Output the data word for word, dropping every image.

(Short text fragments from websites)
◆ ◆ ◆ ◆ ◆
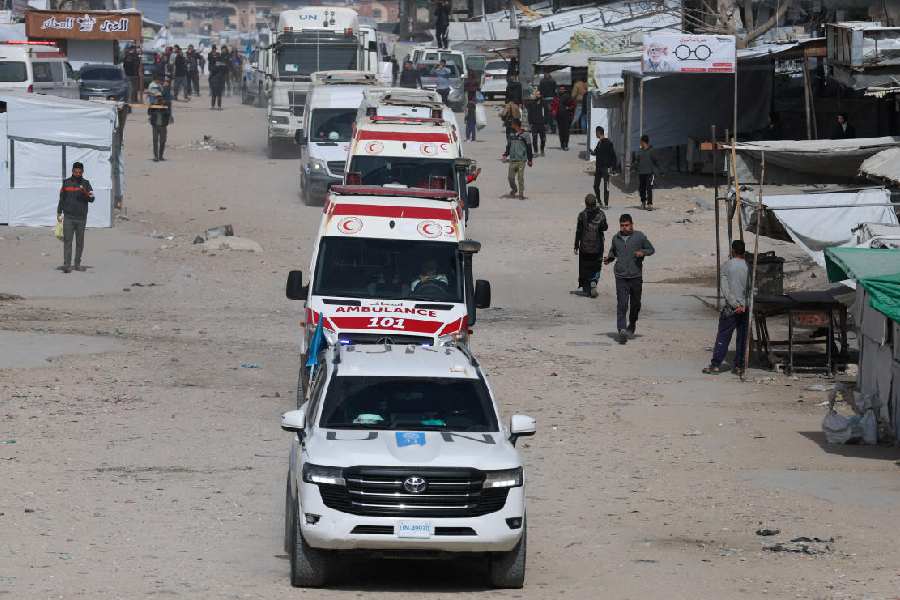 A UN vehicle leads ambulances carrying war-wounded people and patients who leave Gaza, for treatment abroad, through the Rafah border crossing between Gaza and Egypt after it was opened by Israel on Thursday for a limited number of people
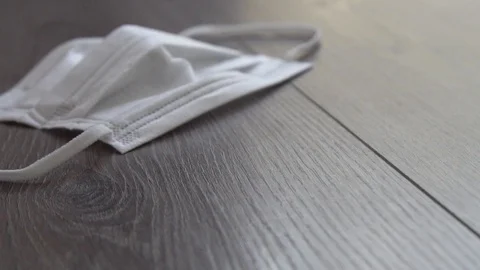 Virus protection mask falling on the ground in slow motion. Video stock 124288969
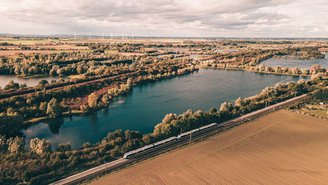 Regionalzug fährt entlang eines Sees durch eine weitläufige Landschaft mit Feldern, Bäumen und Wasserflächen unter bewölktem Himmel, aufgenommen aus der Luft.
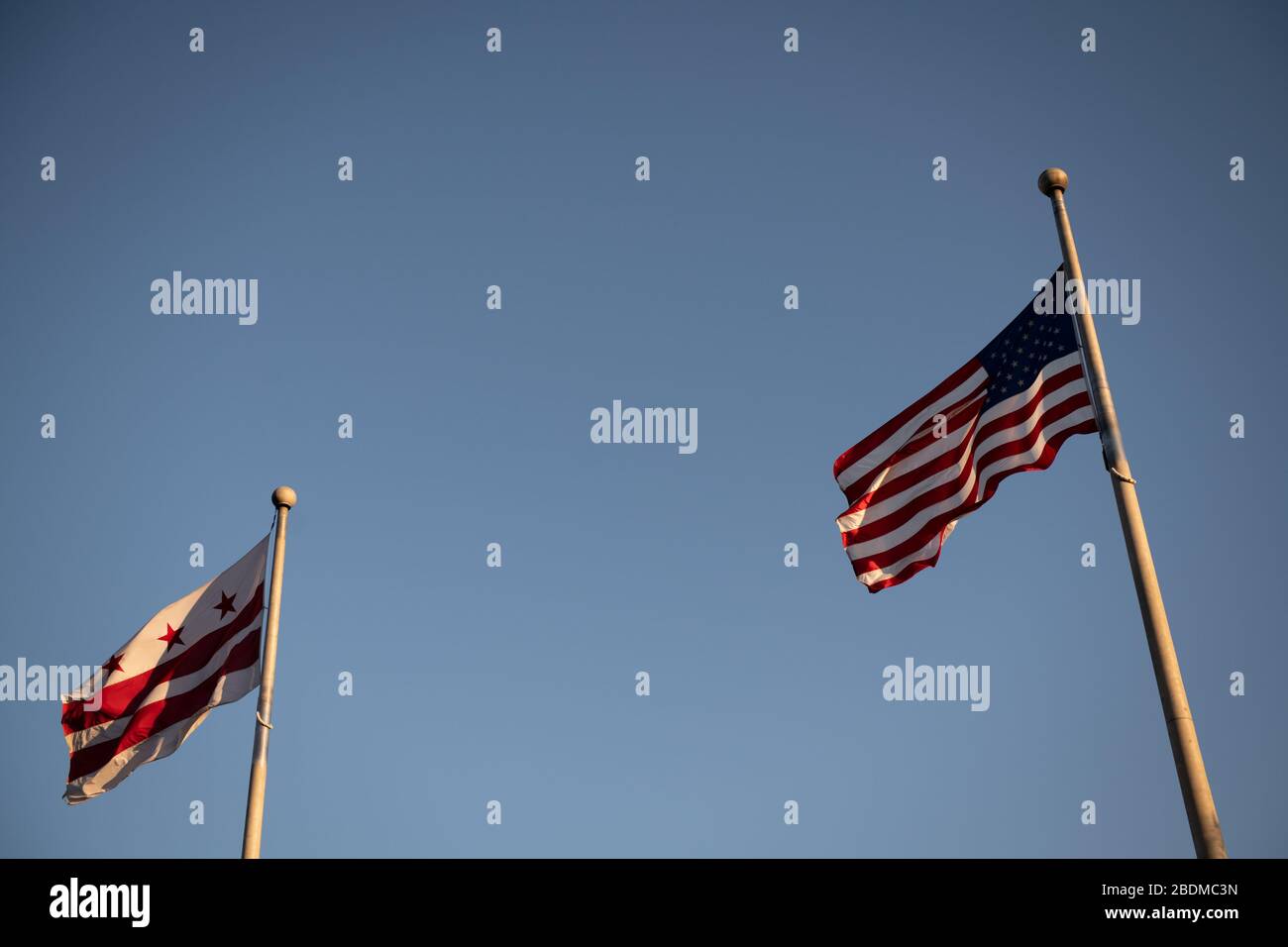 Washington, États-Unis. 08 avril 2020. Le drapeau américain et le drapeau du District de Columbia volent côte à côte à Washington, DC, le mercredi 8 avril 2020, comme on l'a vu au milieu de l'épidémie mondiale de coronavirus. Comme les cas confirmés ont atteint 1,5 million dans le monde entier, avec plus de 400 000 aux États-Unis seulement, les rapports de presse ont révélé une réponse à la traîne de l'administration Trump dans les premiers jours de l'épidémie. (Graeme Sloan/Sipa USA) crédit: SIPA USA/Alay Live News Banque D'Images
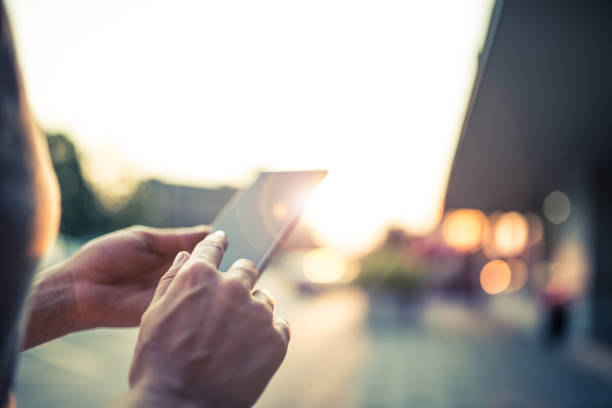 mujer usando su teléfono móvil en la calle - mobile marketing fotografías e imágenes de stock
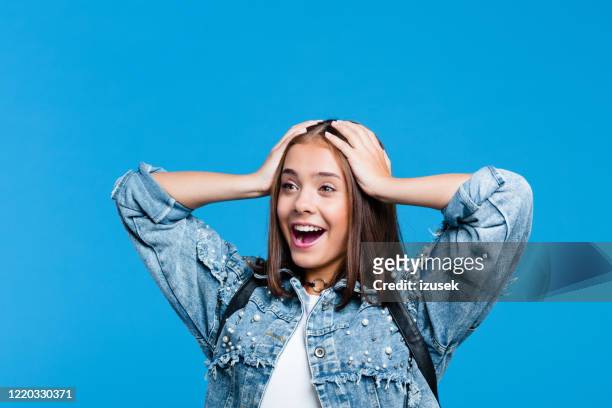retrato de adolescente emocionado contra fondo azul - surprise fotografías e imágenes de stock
◆ ◆ ◆ ◆ ◆
Written response:
 A UN vehicle leads ambulances carrying war-wounded people and patients who leave Gaza, for treatment abroad, through the Rafah border crossing between Gaza and Egypt after it was opened by Israel on Thursday for a limited number of people
 Virus protection mask falling on the ground in slow motion. Video stock 124288969
 Regionalzug fährt entlang eines Sees durch eine weitläufige Landschaft mit Feldern, Bäumen und Wasserflächen unter bewölktem Himmel, aufgenommen aus der Luft.
 Washington, États-Unis. 08 avril 2020. Le drapeau américain et le drapeau du District de Columbia volent côte à côte à Washington, DC, le mercredi 8 avril 2020, comme on l'a vu au milieu de l'épidémie mondiale de coronavirus. Comme les cas confirmés ont atteint 1,5 million dans le monde entier, avec plus de 400 000 aux États-Unis seulement, les rapports de presse ont révélé une réponse à la traîne de l'administration Trump dans les premiers jours de l'épidémie. (Graeme Sloan/Sipa USA) crédit: SIPA USA/Alay Live News Banque D'Images
 mujer usando su teléfono móvil en la calle - mobile marketing fotografías e imágenes de stock
retrato de adolescente emocionado contra fondo azul - surprise fotografías e imágenes de stock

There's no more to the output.